In a merger that will make it the nation’s largest refiner by capacity, Andeavor, the oil refining company founded 50 years ago in San Antonio as Tesoro, announced Sunday that it has been acquired by Ohio-based Marathon Petroleum Corporation.
The transaction valued at $23.3 billion is expected to close during the second half of this year, subject to regulatory conditions and shareholder approval, according to a statement released Sunday. The combined company, valued at an estimated $90 billion, will be headquartered in Findlay, Ohio.
The merger makes the combined company the No. 1 U.S. refiner by capacity and a top-five refiner globally, with throughput capacity of over 3 million barrels per day.
A Fortune 100 company, Tesoro was founded in 1968 as a petroleum exploration company headquartered in San Antonio. Last summer, the independent refiner and its logistics company, Tesoro Logistics, announced a name change to Andeavor and Andeavor Logistics LP.
At the time, Chairman, President, and CEO Greg Goff said the name change was made to acknowledge “significant progress we’ve made in becoming a premier refining, marketing, and logistics company, and signals our aspiration to continue creating greater value for our stakeholders.”

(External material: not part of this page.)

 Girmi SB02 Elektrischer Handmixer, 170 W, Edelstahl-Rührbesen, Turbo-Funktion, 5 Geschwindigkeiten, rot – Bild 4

Goff will join Marathon Petroleum as executive vice chairman and join the board of directors at Marathon along with three other Andeavor directors not named in the merger announcement.
Andeavor employs 1,500 people in San Antonio and more than 14,000 worldwide. A spokeswoman for Andeavor would not say whether the acquisition would result in any layoffs but stated that Marathon Petroleum is determining the best approach to running combined operations.
“We plan to maintain a presence in San Antonio,” spokeswoman Destin Singleton said.
“This transaction combines two strong, complementary companies to create a leading U.S. refining, marketing, and midstream company, building a platform that is well-positioned for long-term growth and shareholder value creation,” stated Gary R. Heminger, Marathon Petroleum chairman and CEO.
“Each of our operating segments are strengthened through this transaction, as it geographically diversifies our refining portfolio into attractive markets, increases access to advantaged feedstocks, enhances our midstream footprint in the Permian Basin, and creates a nationwide retail and marketing portfolio that will substantially improve efficiencies and enhance our ability to serve customers.”
Founded in 1887 as Ohio Oil Company, Marathon Petroleum became a corporate spinoff of Houston-based Marathon Oil Corporation in 2011. Marathon Petroleum has approximately 43,800 employees and ranks in the top 55 of the Fortune 500. It currently operates six refineries with 1.8 million barrels per day total refining capacity, or 10 percent of the nation’s total refining capacity.
The statement released Sunday says that Andeavor shareholders will have the option to choose 1.87 shares of Marathon Petroleum stock, or $152.27 per share in cash. This represents a premium of 24.4 percent over Andeavor’s closing price on April 27.
Marathon and Andeavor shareholders will own approximately 66 percent and 34 percent of the combined company, respectively.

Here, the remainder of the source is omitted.